OpenAI announces GPT-4 model that can use images and text as input
OpenAI has announced the latest version of its GPT language model, GPT-4. The main innovation of the new version is that text and images can serve as input. The GPT language model forms the basis for AI chatbots such as ChatGPT and the new Bing.
OpenAI emphasizes that GPT-4 accepts images and text to generate texts as output. According to the company, the new model is less capable than humans in many real-world situations, but exhibits GPT-4 human-level performance across a variety of professional and academic benchmarks.
The predecessor, GPT-3.5, only accepts text as input. In normal, casual conversation, the differences between GPT-3.5 and GPT-4.0 can be subtle. OpenAI states that the differences only really emerge when the task reaches or exceeds a certain level of complexity. Compared to GPT-3.5, GPT-4 is said to be more reliable, more creative, and capable of handling more nuanced instructions.
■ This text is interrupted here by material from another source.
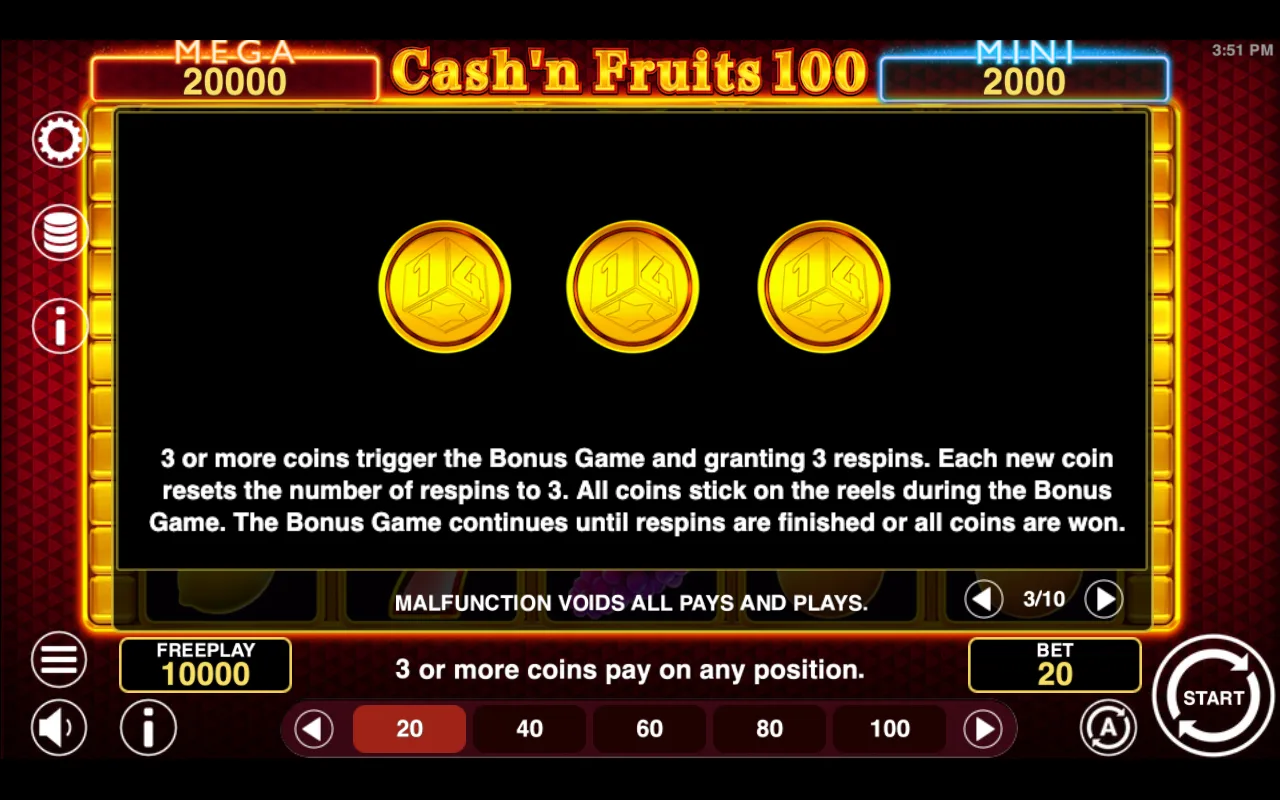 Game rules, page 3 — Cashn Fruits 100 Hold And Win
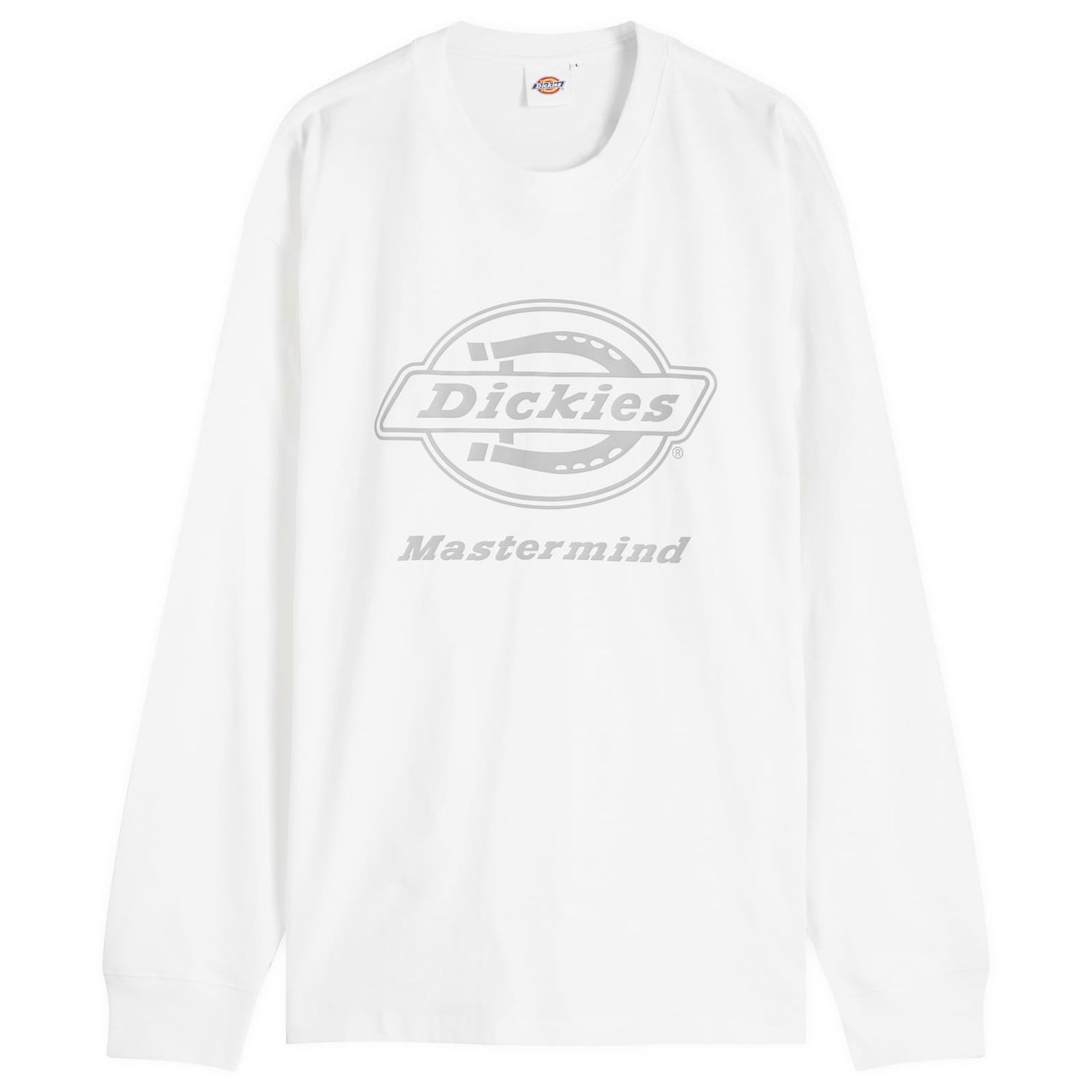 T-shirt Mastermind WORLD MASTERMIND WORLD x Dickies Logo Long Sleeve T-Shirt, Size Large Hvid | MJ25C14-TS216-1, 0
OpenAI shows some examples of GPT-4’s capabilities where a text question is asked about an attached photo. There are several examples where the model is asked to explain what is funny about the picture.
According to OpenAI, six months of work went into fine-tuning the performance of the latest version. A year ago, GPT-3.5 was trained as an initial test session for the new system. Bugs and theoretical underpinnings have been improved. On that basis, the GPT-4 test session was “unprecedentedly stable,” OpenAI said. This new version became the first OpenAI language model whose training performance could be predicted accurately and ahead of time, the company said.
GPT-4’s text input capability is released via ChatGPT and the new model’s API, where a waiting list is for. To make image input capacity more widely available, OpenAI is currently working with a single partner, namely Be My Eyes. This is a mobile app to make the world more accessible for the blind and partially sighted.